Yes. Depending on the state, only the county you live in. It feels very anti-business not to have a temporary vendor's tax form, both for out of state _and_ in-state sales, or some kind of setup where the convention operators can choose to handle the taxes for the weekend and have the vendors pay them at the end of the event. I've heard some other states have temporary permits. There are three conventions in Florida I'd like to deal at, but it hardly seems worth the effort to maintain a sales tax license just for a few hundred bucks of profit. Since I am planning on starting on a new business endeavor I will finally have a reason to get one. In Florida you also have to collect and report taxes for the county you are visiting.

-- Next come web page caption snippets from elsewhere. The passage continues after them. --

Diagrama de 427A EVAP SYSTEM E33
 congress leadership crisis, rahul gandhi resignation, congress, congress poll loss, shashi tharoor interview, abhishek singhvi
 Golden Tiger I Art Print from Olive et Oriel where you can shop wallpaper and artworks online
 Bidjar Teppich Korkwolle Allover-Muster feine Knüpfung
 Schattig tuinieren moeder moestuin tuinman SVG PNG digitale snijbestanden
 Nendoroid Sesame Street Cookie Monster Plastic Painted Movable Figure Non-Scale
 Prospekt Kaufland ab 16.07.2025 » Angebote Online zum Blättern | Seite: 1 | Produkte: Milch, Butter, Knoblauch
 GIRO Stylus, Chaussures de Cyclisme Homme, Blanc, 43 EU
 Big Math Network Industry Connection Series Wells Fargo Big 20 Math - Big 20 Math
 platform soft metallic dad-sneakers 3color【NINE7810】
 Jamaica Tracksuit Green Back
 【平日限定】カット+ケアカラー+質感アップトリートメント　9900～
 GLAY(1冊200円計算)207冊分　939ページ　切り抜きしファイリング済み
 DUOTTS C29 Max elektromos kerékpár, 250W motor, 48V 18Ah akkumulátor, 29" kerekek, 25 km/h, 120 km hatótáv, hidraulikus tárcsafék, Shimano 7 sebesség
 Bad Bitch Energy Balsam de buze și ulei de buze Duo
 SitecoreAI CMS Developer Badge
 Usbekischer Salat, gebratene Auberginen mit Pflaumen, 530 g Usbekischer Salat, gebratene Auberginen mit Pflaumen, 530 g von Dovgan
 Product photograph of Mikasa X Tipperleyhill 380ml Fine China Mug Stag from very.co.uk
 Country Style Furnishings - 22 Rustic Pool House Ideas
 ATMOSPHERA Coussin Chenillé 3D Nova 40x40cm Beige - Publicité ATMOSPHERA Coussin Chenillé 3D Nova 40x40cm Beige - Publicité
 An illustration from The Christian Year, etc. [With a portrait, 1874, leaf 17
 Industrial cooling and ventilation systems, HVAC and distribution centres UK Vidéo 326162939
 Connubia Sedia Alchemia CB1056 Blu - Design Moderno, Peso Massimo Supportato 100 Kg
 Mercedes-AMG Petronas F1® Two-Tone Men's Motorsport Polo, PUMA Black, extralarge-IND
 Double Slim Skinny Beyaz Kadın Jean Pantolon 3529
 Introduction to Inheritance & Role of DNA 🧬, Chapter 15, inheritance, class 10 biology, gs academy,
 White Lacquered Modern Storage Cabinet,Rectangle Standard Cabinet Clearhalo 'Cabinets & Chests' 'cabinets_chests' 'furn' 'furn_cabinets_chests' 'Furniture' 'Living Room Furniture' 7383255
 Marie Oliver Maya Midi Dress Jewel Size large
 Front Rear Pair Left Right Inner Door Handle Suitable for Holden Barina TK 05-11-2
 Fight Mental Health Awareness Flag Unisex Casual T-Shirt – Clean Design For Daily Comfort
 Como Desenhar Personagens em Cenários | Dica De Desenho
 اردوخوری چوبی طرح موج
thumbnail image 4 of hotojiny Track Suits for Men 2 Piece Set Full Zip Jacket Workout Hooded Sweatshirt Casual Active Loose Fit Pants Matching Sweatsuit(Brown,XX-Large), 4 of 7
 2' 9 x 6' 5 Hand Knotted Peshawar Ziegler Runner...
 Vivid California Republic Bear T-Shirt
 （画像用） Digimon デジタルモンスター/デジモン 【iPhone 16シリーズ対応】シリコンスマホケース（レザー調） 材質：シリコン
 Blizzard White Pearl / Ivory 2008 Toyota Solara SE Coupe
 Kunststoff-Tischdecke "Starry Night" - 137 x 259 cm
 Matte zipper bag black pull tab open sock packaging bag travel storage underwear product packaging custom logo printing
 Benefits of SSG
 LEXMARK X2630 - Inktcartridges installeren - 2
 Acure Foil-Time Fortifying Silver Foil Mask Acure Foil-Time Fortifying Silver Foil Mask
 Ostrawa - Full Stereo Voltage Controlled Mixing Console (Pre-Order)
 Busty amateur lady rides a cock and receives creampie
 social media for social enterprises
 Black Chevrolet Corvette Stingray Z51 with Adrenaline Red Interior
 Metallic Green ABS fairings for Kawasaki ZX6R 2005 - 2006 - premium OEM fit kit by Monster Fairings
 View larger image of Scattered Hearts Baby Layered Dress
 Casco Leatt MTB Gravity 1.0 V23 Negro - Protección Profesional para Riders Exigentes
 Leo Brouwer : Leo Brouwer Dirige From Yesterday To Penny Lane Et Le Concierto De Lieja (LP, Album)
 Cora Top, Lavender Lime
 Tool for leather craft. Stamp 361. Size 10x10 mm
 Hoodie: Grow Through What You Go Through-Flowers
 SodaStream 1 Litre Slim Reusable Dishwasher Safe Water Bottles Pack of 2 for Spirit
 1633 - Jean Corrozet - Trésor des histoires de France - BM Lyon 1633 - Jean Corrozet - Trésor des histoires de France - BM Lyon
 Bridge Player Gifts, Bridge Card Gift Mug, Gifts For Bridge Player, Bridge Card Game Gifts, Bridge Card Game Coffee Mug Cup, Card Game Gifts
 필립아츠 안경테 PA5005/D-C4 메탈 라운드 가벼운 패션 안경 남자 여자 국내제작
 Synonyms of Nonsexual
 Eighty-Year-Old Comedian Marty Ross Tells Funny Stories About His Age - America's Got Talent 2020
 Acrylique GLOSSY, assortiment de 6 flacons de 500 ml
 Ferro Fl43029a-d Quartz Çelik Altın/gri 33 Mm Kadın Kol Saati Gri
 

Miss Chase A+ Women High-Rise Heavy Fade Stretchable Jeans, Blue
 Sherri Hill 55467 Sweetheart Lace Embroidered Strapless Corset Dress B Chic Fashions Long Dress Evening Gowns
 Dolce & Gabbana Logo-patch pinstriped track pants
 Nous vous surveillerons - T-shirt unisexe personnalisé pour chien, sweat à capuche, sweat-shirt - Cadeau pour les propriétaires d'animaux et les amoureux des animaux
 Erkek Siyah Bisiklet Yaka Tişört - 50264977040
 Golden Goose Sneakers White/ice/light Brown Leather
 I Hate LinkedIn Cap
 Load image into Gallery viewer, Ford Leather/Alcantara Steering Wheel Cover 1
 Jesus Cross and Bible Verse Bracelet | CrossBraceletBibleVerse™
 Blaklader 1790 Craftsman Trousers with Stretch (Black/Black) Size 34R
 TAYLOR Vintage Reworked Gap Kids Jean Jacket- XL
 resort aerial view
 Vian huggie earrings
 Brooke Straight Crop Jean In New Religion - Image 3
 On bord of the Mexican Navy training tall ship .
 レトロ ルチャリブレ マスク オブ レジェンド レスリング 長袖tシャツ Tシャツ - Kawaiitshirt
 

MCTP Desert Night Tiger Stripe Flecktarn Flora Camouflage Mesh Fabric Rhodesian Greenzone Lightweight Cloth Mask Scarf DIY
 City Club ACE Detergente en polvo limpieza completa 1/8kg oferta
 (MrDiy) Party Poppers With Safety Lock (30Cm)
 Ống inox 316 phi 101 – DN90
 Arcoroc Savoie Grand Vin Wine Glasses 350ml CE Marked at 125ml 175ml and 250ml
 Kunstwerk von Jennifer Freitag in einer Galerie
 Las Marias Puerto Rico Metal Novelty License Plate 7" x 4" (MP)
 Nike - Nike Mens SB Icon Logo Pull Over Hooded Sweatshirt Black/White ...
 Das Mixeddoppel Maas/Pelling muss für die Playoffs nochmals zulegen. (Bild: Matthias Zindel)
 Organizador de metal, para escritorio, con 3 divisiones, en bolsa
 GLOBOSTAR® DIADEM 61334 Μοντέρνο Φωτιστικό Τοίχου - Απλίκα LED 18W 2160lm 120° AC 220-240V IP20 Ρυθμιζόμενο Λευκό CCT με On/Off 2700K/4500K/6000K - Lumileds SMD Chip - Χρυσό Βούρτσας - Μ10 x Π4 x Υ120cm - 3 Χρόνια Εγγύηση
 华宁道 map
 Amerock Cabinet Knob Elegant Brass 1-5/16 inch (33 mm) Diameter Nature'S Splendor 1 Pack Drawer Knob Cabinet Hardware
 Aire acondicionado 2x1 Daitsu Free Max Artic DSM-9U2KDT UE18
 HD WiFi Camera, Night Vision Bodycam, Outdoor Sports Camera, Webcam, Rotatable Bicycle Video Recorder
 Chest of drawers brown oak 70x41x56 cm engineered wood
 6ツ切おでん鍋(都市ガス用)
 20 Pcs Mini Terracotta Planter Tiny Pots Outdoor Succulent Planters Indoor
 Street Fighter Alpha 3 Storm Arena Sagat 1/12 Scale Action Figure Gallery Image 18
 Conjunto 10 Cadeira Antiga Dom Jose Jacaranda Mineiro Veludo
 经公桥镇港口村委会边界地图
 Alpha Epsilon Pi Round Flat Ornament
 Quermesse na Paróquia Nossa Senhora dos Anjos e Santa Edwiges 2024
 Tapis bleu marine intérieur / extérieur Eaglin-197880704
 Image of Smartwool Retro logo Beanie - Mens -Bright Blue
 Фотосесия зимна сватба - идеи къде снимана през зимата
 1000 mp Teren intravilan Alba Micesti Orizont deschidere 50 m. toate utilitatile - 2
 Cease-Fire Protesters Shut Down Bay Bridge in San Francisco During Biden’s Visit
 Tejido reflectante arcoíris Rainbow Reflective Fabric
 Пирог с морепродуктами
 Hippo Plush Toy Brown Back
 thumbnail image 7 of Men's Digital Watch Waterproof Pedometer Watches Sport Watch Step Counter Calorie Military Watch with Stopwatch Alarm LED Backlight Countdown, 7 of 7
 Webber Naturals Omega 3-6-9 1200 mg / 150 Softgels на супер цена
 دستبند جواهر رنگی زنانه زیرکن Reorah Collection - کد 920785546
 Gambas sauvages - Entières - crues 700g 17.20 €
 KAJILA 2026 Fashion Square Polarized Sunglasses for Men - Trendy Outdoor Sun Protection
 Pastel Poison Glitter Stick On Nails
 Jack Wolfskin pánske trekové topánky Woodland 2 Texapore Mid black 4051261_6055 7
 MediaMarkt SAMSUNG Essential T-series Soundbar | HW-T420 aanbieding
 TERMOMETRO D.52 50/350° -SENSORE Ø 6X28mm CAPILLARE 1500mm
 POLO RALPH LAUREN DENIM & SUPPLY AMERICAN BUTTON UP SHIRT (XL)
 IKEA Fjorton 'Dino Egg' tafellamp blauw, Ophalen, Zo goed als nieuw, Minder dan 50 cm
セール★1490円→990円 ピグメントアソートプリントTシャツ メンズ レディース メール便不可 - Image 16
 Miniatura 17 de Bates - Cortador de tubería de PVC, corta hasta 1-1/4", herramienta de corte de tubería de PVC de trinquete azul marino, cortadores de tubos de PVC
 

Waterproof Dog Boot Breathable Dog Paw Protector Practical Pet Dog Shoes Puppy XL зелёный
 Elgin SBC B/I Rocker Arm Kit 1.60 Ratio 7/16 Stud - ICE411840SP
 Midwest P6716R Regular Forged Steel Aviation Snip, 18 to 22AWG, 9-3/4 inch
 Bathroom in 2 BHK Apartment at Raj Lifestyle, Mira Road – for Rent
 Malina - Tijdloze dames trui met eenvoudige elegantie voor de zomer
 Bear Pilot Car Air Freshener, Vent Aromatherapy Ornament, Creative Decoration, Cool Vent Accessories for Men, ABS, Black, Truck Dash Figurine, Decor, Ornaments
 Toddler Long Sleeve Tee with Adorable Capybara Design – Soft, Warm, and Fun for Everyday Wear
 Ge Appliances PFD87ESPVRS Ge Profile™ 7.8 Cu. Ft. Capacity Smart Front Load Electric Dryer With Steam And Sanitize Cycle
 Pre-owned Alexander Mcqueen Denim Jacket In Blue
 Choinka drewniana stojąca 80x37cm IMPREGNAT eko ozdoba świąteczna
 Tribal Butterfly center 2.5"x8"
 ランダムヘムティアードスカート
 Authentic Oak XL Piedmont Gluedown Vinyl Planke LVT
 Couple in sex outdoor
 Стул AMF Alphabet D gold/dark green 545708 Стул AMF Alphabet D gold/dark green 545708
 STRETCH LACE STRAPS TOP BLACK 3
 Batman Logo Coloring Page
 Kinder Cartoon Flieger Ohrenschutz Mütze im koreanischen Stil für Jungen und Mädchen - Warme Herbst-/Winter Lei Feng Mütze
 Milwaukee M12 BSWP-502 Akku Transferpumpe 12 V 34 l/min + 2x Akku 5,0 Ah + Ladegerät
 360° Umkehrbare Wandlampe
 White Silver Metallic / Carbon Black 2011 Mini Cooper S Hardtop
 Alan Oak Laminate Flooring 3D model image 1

I also wonder how many vendors who _do_ have a tax license bother reporting anything from a small to medium weekend convention of cash sales unless they are asked to show the license either to be able to vend at all and/or only if the convention gets "raided". It seems even more unfair for small craft fairs, etc, where a retired grandmother has to go through all that tax rigmarole just to sell some handmade dolls or whatnot.


----------



## blaqueoutapparel (Mar 29, 2012)

Fenrir said:


> Yes. Depending on the state, only the county you live in. It feels very anti-business not to have a temporary vendor's tax form, both for out of state _and_ in-state sales, or some kind of setup where the convention operators can choose to handle the taxes for the weekend and have the vendors pay them at the end of the event. I've heard some other states have temporary permits. There are three conventions in Florida I'd like to deal at, but it hardly seems worth the effort to maintain a sales tax license just for a few hundred bucks of profit. Since I am planning on starting on a new business endeavor I will finally have a reason to get one. In Florida you also have to collect and report taxes for the county you are visiting.
> 
> I also wonder how many vendors who _do_ have a tax license bother reporting anything from a small to medium weekend convention of cash sales unless they are asked to show the license either to be able to vend at all and/or only if the convention gets "raided". It seems even more unfair for small craft fairs, etc, where a retired grandmother has to go through all that tax rigmarole just to sell some handmade dolls or whatnot.




I live in North Carolina and not this upcoming year but the next I was planning on doing the Vans Warped Tour as a vendor. But since the festival is in a different city every day (sometimes a couple of the dates are in the same state) Then I didn't know if it would be that huge of a deal since there are so many vendors. I suppose I'll go through production and find out more information when the time comes. But for right now I'm definitely going to get a business license and get that all taken care of for my sales in the state of NC and what not. Thank you though.


----------